Supplied data →
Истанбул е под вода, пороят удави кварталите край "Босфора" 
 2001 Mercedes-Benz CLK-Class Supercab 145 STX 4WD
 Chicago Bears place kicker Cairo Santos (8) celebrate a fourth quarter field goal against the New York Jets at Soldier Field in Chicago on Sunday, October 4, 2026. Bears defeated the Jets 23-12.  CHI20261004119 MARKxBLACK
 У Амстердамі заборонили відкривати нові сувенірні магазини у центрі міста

What the task requires → Copy out the entire listing word for word. Keep every line as it is.

Result →
Истанбул е под вода, пороят удави кварталите край "Босфора" 
 2001 Mercedes-Benz CLK-Class Supercab 145 STX 4WD
 Chicago Bears place kicker Cairo Santos (8) celebrate a fourth quarter field goal against the New York Jets at Soldier Field in Chicago on Sunday, October 4, 2026. Bears defeated the Jets 23-12.  CHI20261004119 MARKxBLACK
 У Амстердамі заборонили відкривати нові сувенірні магазини у центрі міста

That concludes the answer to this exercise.